By folding fractals into 3-D objects, a mathematical duo hopes to gain new insight into simple equations.
Mathematicians are not so different from naturalists. Rather than studying organisms, they study equations and shapes using their own techniques. They twist and stretch mathematical objects, translate them into new mathematical languages, and apply them to new problems. As they find new ways to look at familiar things, the possibilities for insight multiply.
That’s the promise of a new idea from two mathematicians: Laura DeMarco, a professor at Northwestern University, and Kathryn Lindsey, a postdoctoral fellow at the University of Chicago. They begin with a plain old polynomial equation, the kind grudgingly familiar to any high school math student: f(x) = x 2 – 1. Instead of graphing it or finding its roots, they take the unprecedented step of transforming it into a 3-D object.
https://www.quantamagazine.org/20170103-fractal-dynamics-from-3d-julia-sets/
(Score: 2) by butthurt on Sunday January 15 2017, @03:30PM
Fractals are named for their property of having a fractional number of dimensions, hence a 3-D fractal is a contradiction in terms.

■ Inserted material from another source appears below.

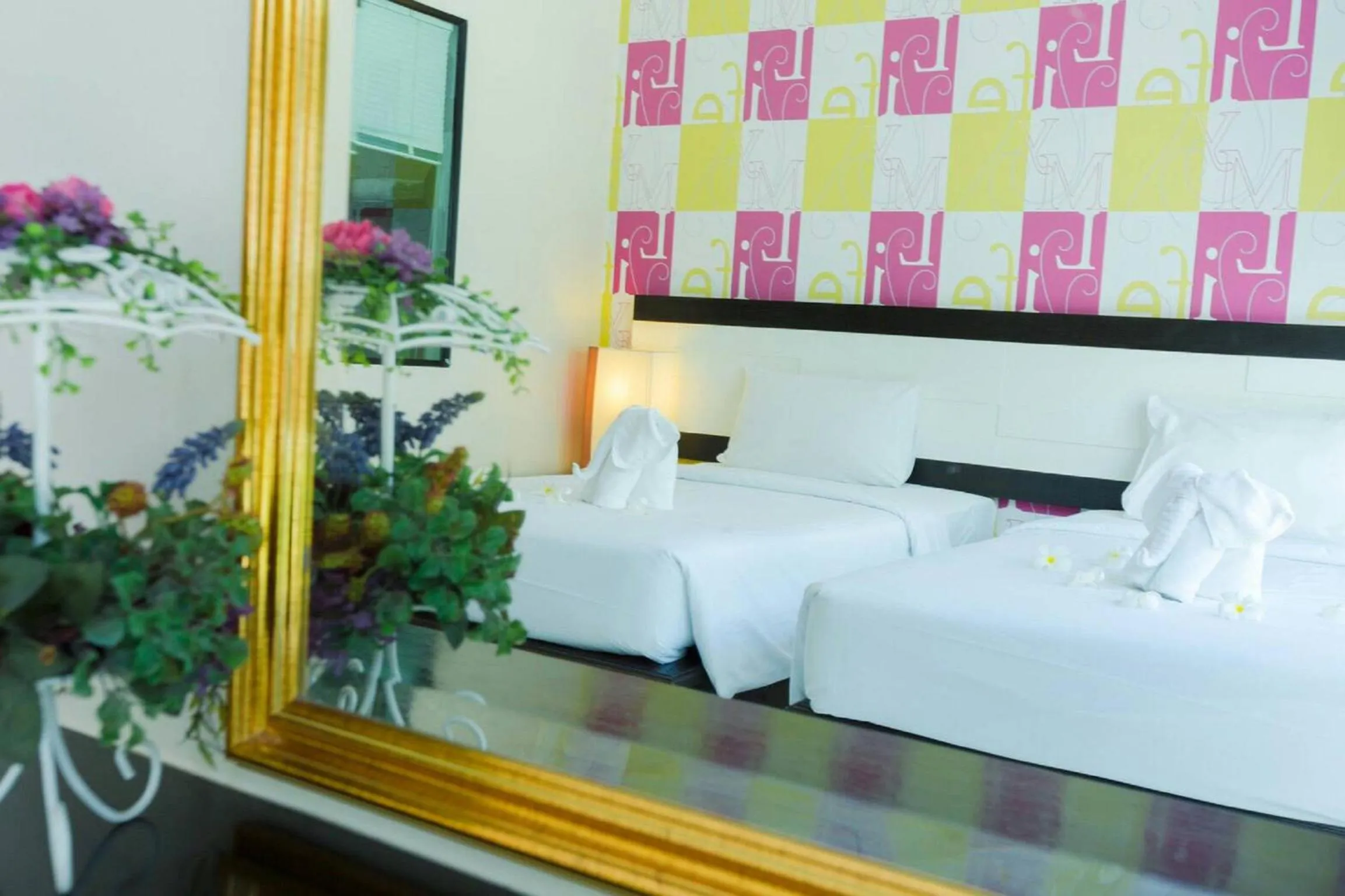 Decorative detail, Bed in Neo Hotel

https://ocw.mit.edu/high-school/humanities-and-social-sciences/godel-escher-bach/lecture-notes/MITHFH_geb_v3_2.pdf [mit.edu]
(Score: 3, Informative) by Anonymous Coward on Sunday January 15 2017, @06:47PM
Not necessarily a contradiction. There are differing ways [cut-the-knot.org] of defining “dimension”. Fractals have a fractional Hausdorff-Besicovich dimension, but the Brouwer dimension is always an integer.